*EXERCISE OBJECTIVE*.
Please return all lines in the listing holding the word "Chinese".

*INFORMATION SUPPLIED*.
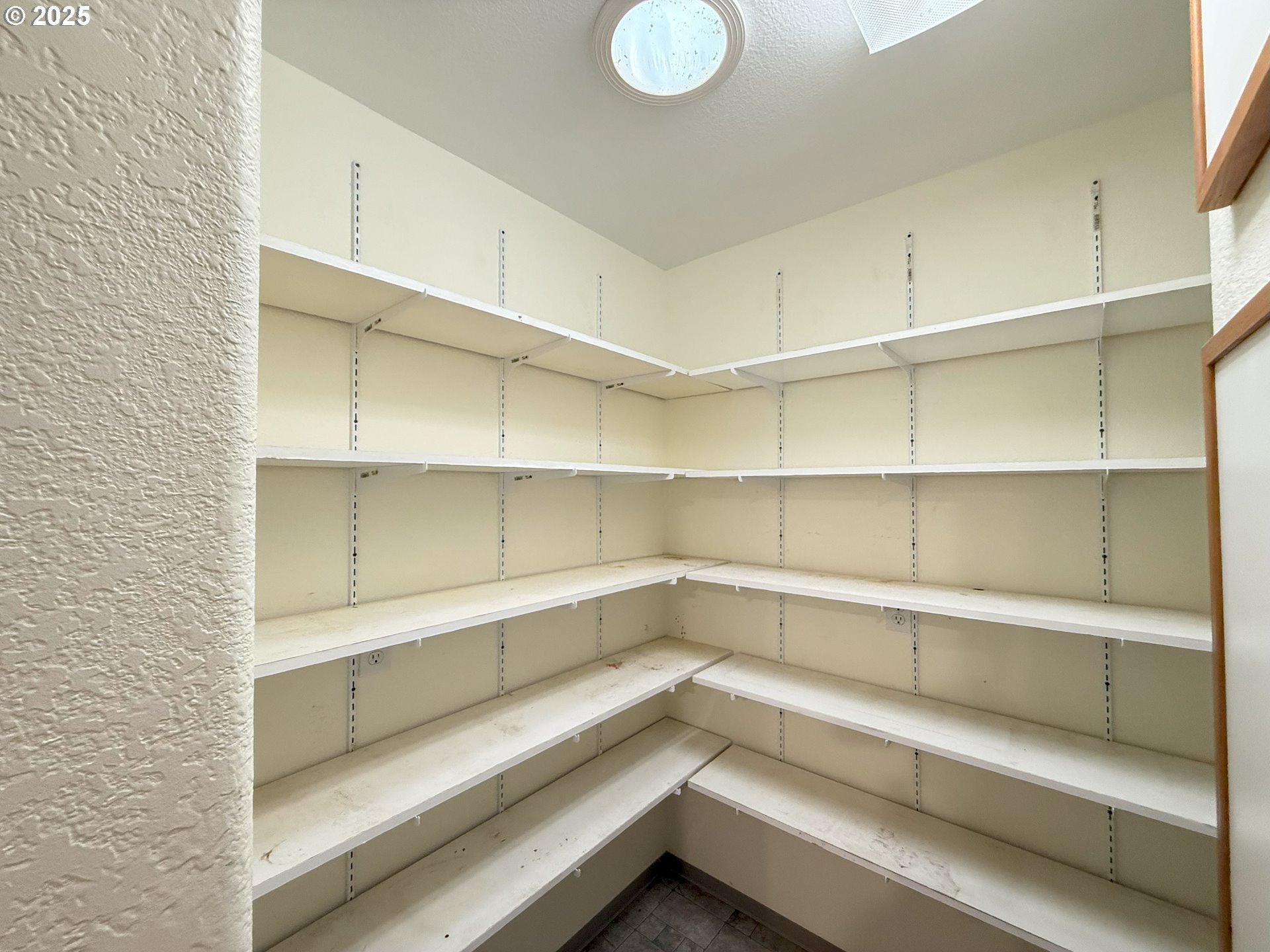 5938 View Loop Florence, OR 97439 - Photo 16 of 42 a storage room with cabinets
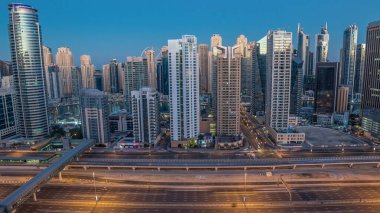 Dubai Marina gökdelenleri, güneş doğarken Dubai 'de JLT' den gündüz saatlerine kadar gökdelenler. Aydınlatılmış uzun gölgeli modern kuleler aşağı doğru ilerliyor ve Şeyh zayed yolunda trafik var..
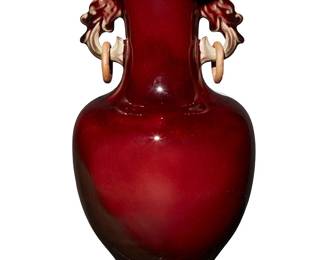1039
Late 20th century
A Chinese Flambé Glazed Porcelain Vase
Marked to the base with characters reading: Zhonghua Junyao (Chinese Jun ware)
With applied dragon handles, each supporting an unglazed ring, and an all-over deep scarlet glaze
12.5" H x 6" Dia.
Estimate: $300 - $500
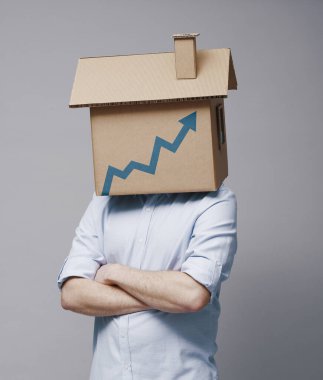 Kafasında karton ev olan ve büyüyen finansal tablosu yukarı bakan bir adam, konut piyasası eğilimi konsepti
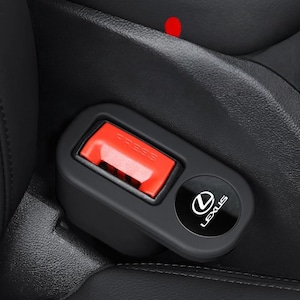 Puede incluir: Una funda negra para hebilla de cinturón de seguridad de coche con un botón de liberación rojo brillante con la palabra PRESS en relieve. La funda incluye un emblema circular negro con el logotipo y el texto de Lexus en color blanco.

*TASK ANSWER*.
A Chinese Flambé Glazed Porcelain Vase
Marked to the base with characters reading: Zhonghua Junyao (Chinese Jun ware)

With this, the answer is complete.